Immediately you can see a substantial variation in a number of captured values. Not always since the first run was clean, apart from the outlier at 88.

It is exactly the same code, I only changed the Teensy type in the "Tools->Board" menu (and re-compiled).

Again I will mention that I am overclocking the CPU at 96MHz, so this can't be ruled out as a reason....until I tried compiling the Teensy3.1 at stock 72MHz (*) and the variation of the captured values remained the same.

(*) the data stream decode won't work at this CPU speed, but the debug code runs fine since the interrupt code to capture values is tiny and trivial (plenty of time at 72MHz).
 
I just noticed that for the Teensy3.1, for every "slightly too long" captured value, there is a matching "too short value".

Looking at the middle table.
Expected value = 46.
Pair values 51 and 43. (43+51)/2 => 47.
Pair values 56 and 36. (56+36)/2 => 46.

It seems to confirm that something is delaying the triggering of the interrupt routine, so it captures a larger than expected timer value, then on the next interrupt it captures a corresponding smaller timer value.
 
Last edited:
It's been nearly a year, but I am re-visiting this issue.

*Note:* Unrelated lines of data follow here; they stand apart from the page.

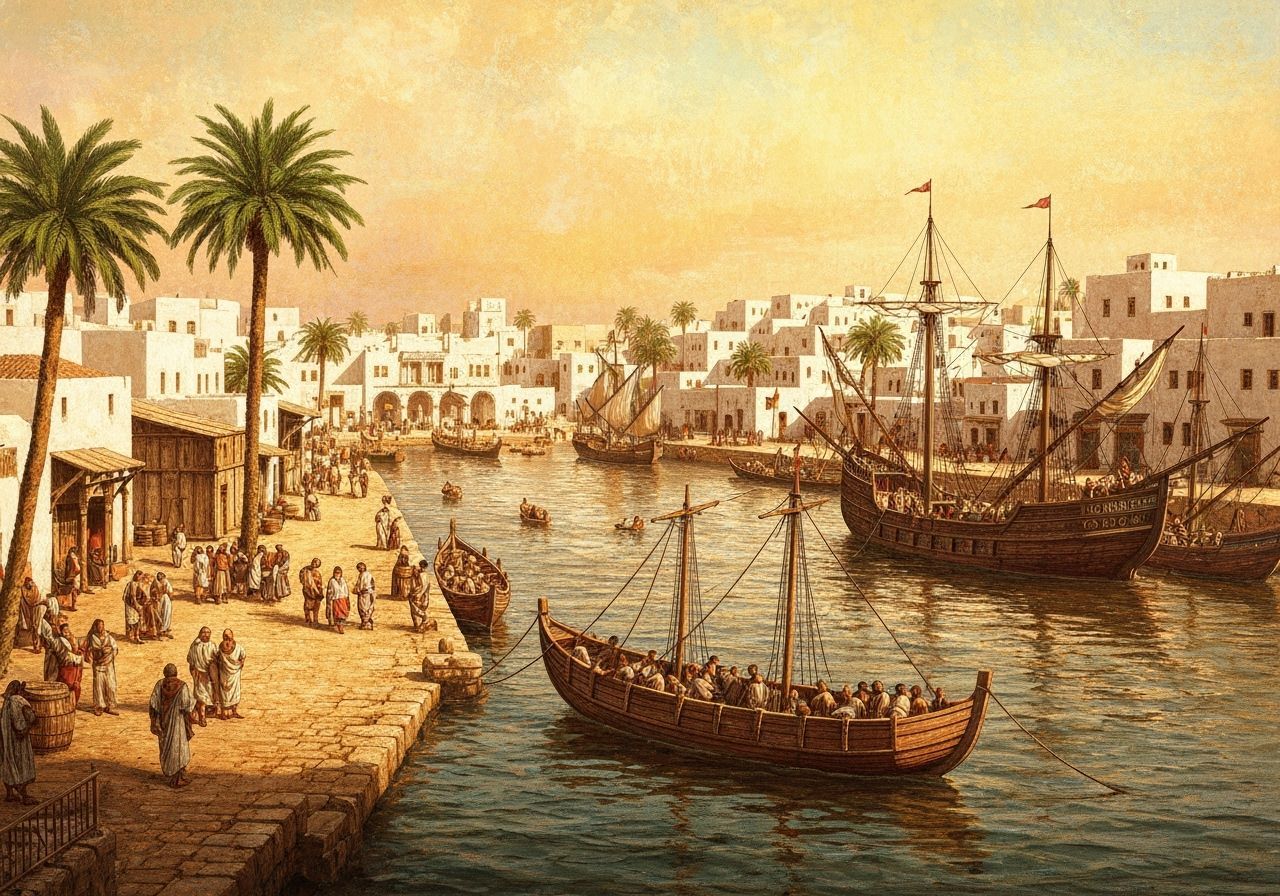 Bustling Phoenician Harbor in Ancient Times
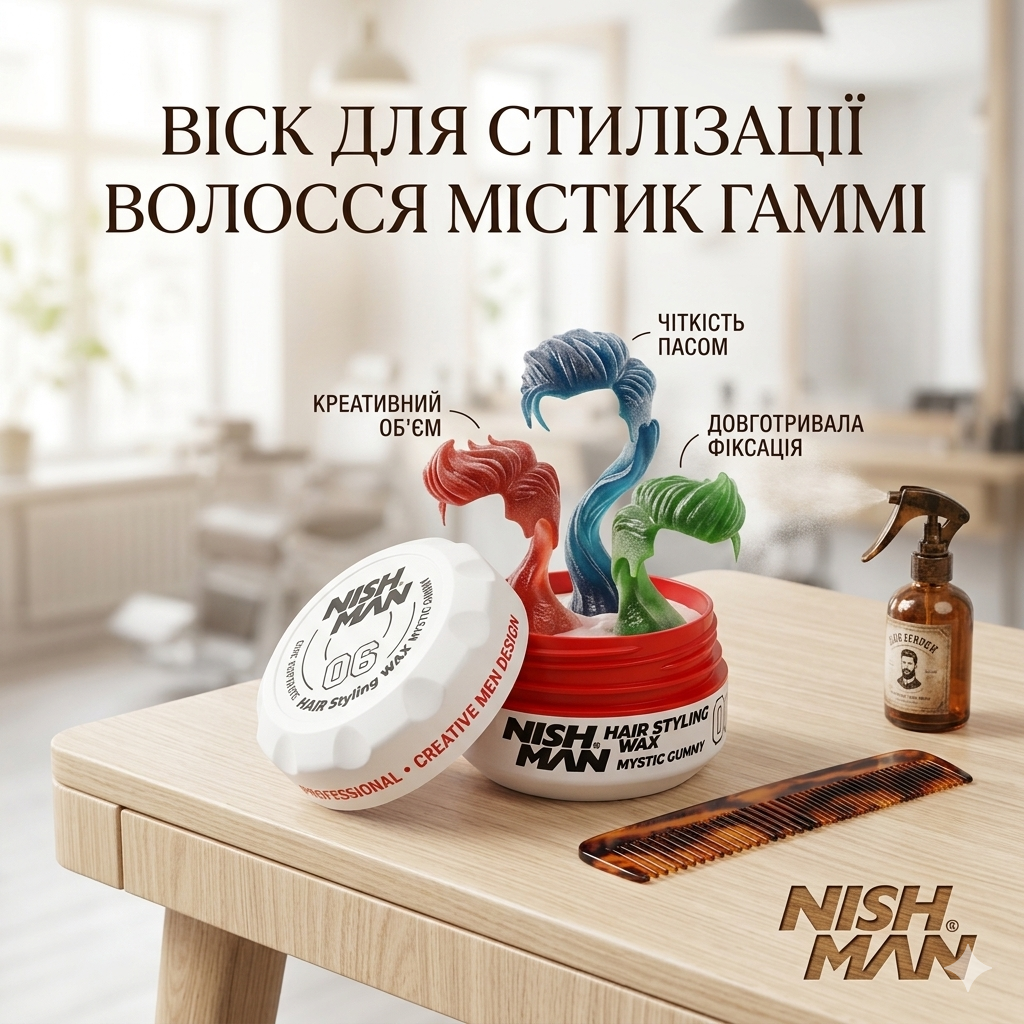 ᐉ Віск для стилізації волосся Nishman Hair Styling Wax 06 Mystic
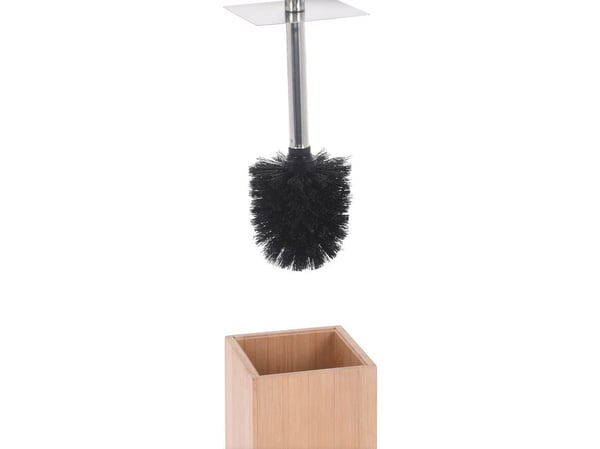 Kylpyhuoneratkaisut WC-harja musta bambutelineellä 34 cm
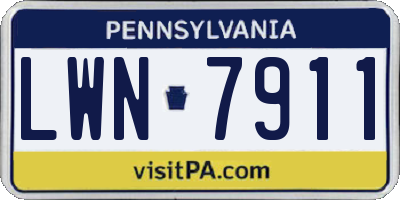 PA license plate LWN7911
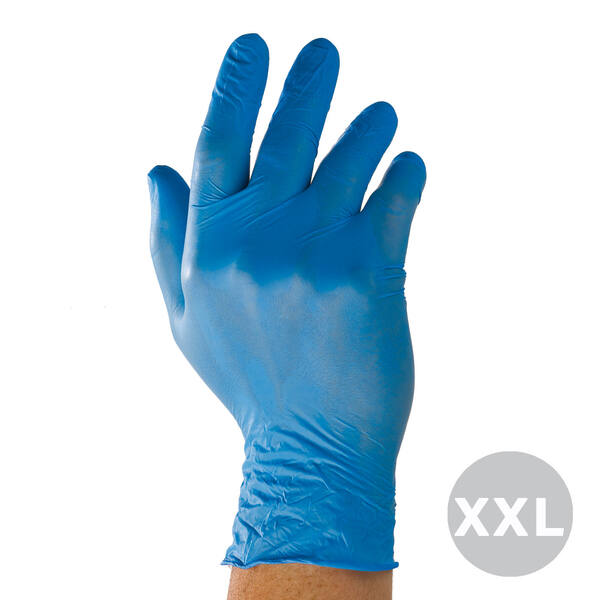 Onderzoekshandschoenen ongepoederd nitril blauw maat XXL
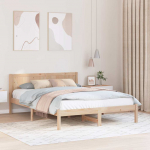 Voodiraam Pruun 150 x 200 cm M&auml;nnipuit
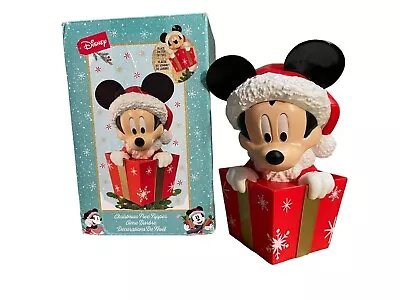 Disney Kurt Adler MICKEY MOUSE Santa Present Figure Christmas TREE TOPPER W/Box • $34.90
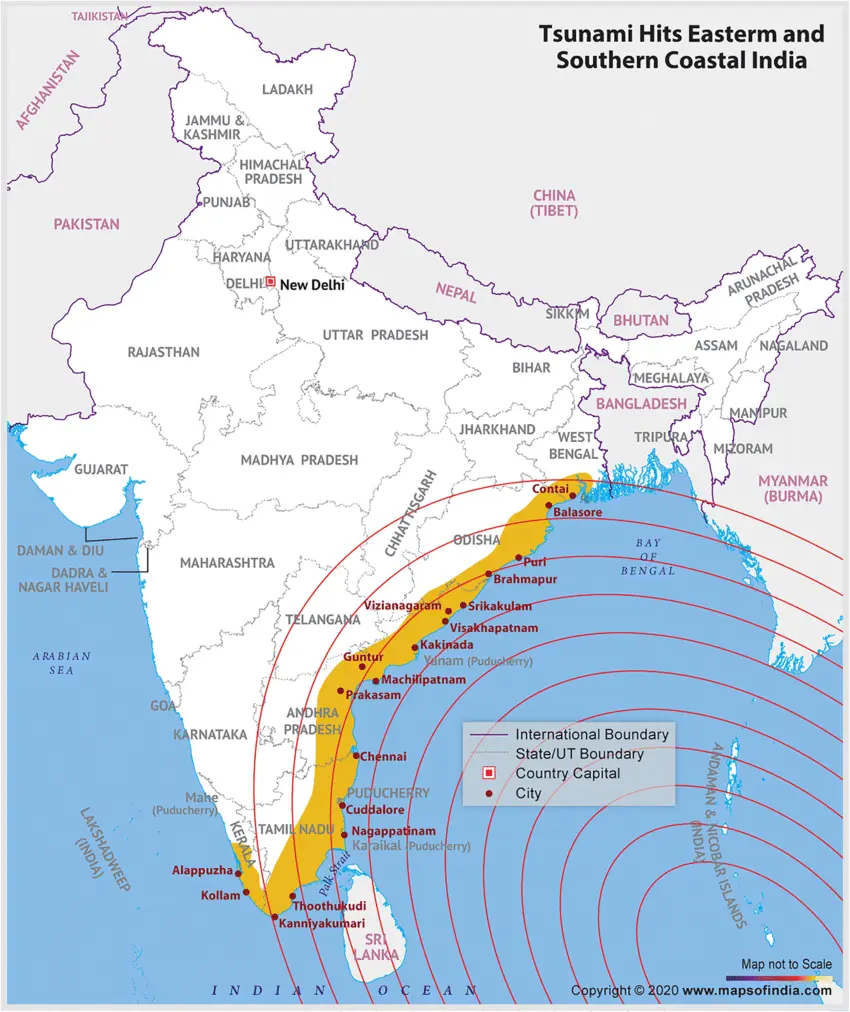 Tsunami Hits Easterm and Southern Coastal India
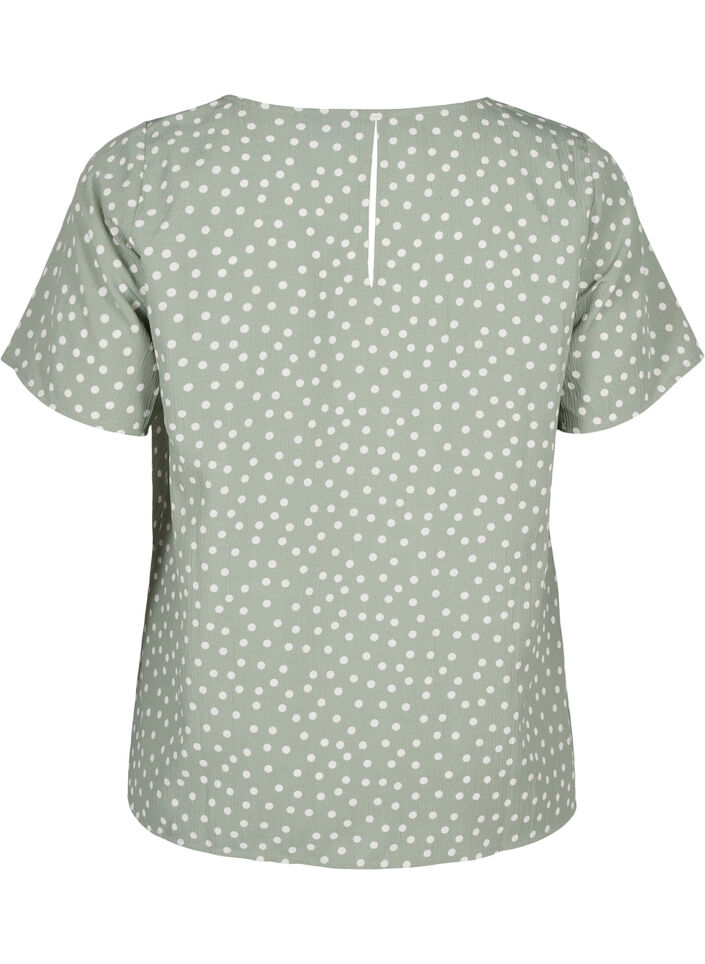 FLASH - Kortermet bluse med trykk, Iceberg Green Dot, Packshot image number 1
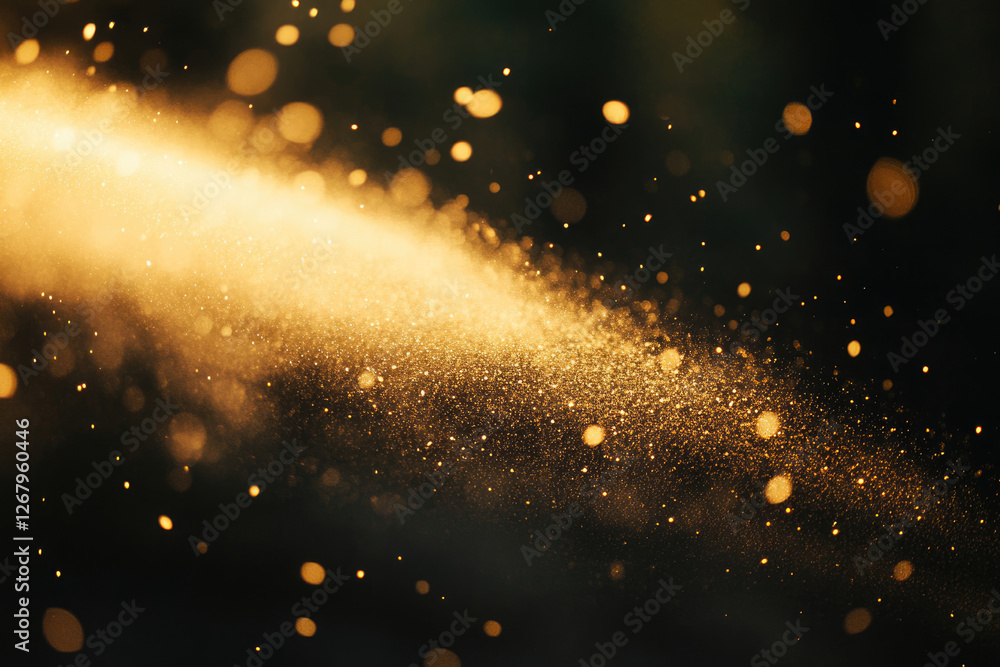 Poster Golden dust particles floating in dark background, creating a magical, sparkly effect.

It has really bugged me as to what is going on.

I have now done some work to generate a clean data stream, from a Teensy3.5, to help investigate. The new code will allow me to generate a double density Atari floppy disk compatible format data stream, to either write a sector or even write a track. My hope was to use a Teensy3.5 to be able to read and write from a 3.5inch floppy (possibly even HD format) to give me a tool to connect to other projects, possibly via SPI or serial.

So the T3.0 code works flawlessly. Unfortunately this teensy hasn't enough RAM or CPU speed for my end goal.

The code on the T3.1 is flaky.
The code on the T3.2 is flaky.
The code on the T3.5 is also flaky (new discovery).

I realise pursuing a solution is sort of academic, as the T3.X series is no longer available and few are likely to run into the same problem. BUT is is really bugging me.

To summarise. I am decoding a stream of pulses, with deltas on the rising edge of 4us, 6us and 8us. I am using the FTM timer (clocked at 60MHz) to measure to time delta. Each pulse causes an interrupt which 1) grabs the current timer value then 2) zeroes the timer.

Using the new code on the T3.5 I can generate a very accurate stream of 1's and 0's at a rate of 1MHz by means of DMA.
I have several "debug" sequences, and a sequence which is the stream for a sector header and data body part.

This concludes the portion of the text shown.